EXERCISE DETAILS — Starting at the line that contains "Tactical MagForce Velvet" and stopping at the line that contains "Gefederte Sattelstütze Suntour", transcribe every line of the material below exactly; pictures stay out.

DATA RECORDS —
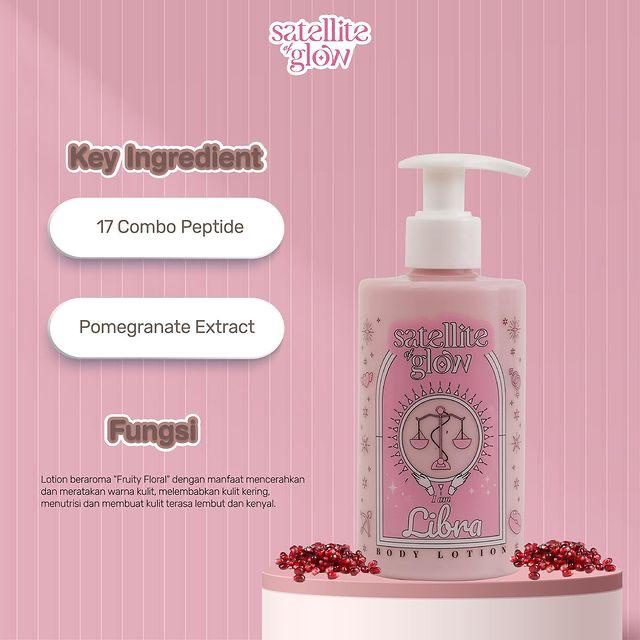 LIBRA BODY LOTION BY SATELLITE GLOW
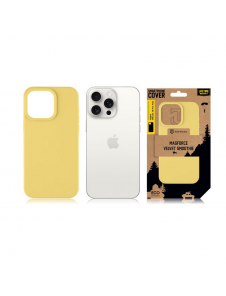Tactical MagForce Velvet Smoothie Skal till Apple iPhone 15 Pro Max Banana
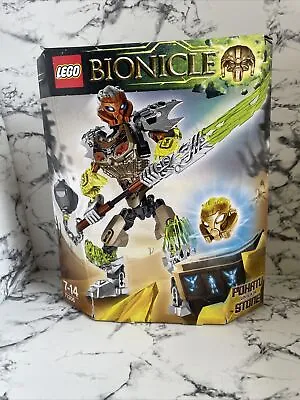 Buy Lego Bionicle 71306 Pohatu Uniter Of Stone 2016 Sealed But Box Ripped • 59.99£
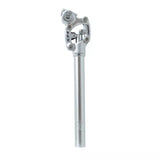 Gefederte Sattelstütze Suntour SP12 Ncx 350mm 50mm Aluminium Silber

---

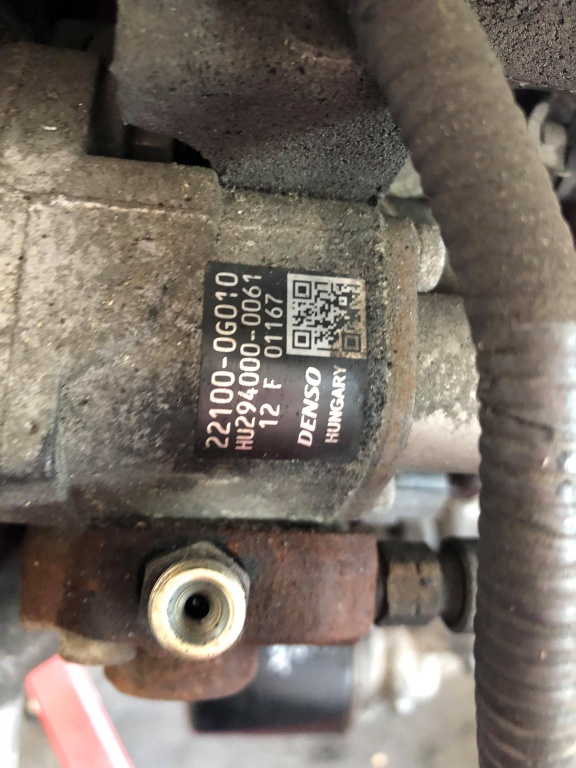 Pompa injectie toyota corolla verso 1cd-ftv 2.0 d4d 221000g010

--

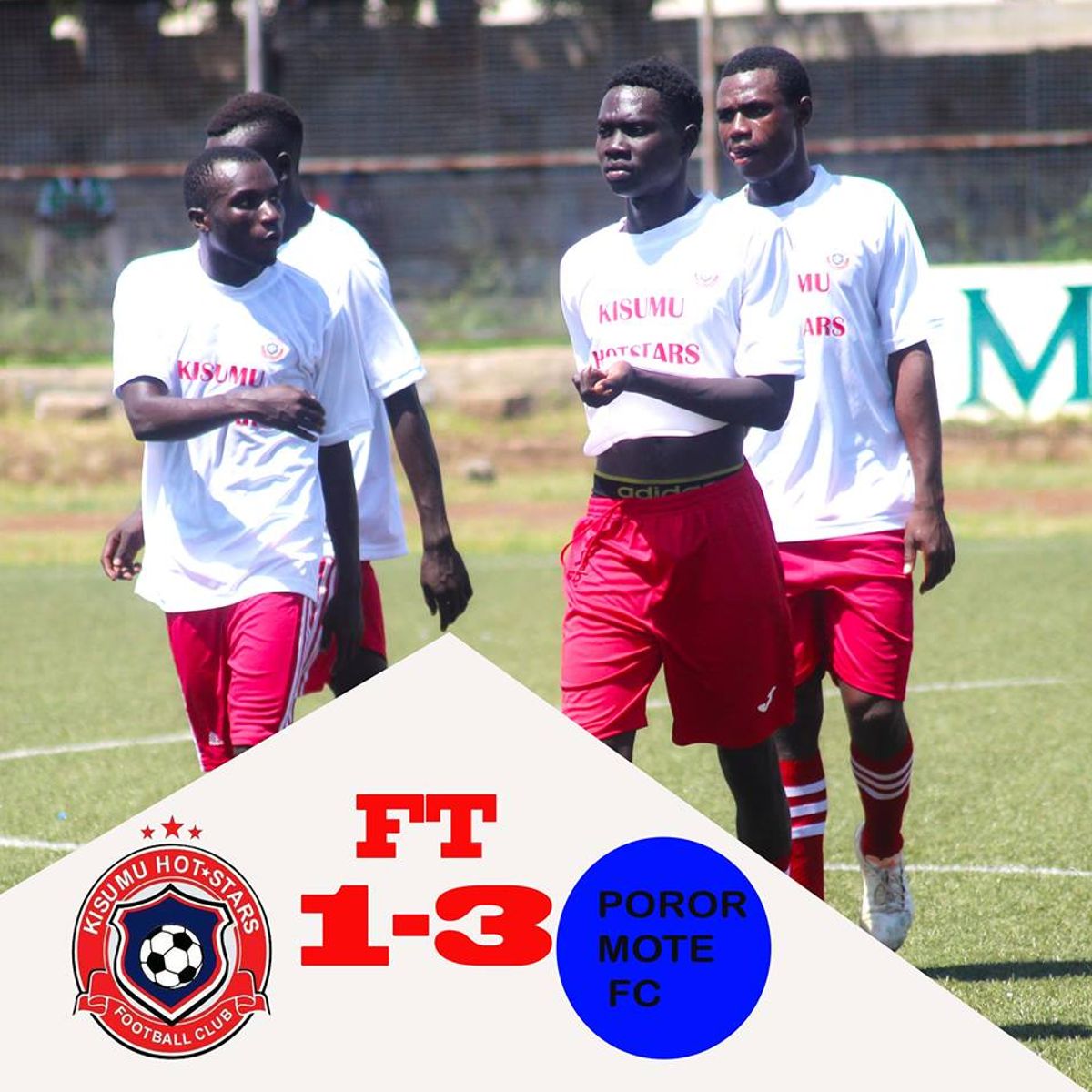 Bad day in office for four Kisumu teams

RESULT OF THIS TASK —
Tactical MagForce Velvet Smoothie Skal till Apple iPhone 15 Pro Max Banana
 Buy Lego Bionicle 71306 Pohatu Uniter Of Stone 2016 Sealed But Box Ripped • 59.99£
 Gefederte Sattelstütze Suntour SP12 Ncx 350mm 50mm Aluminium Silber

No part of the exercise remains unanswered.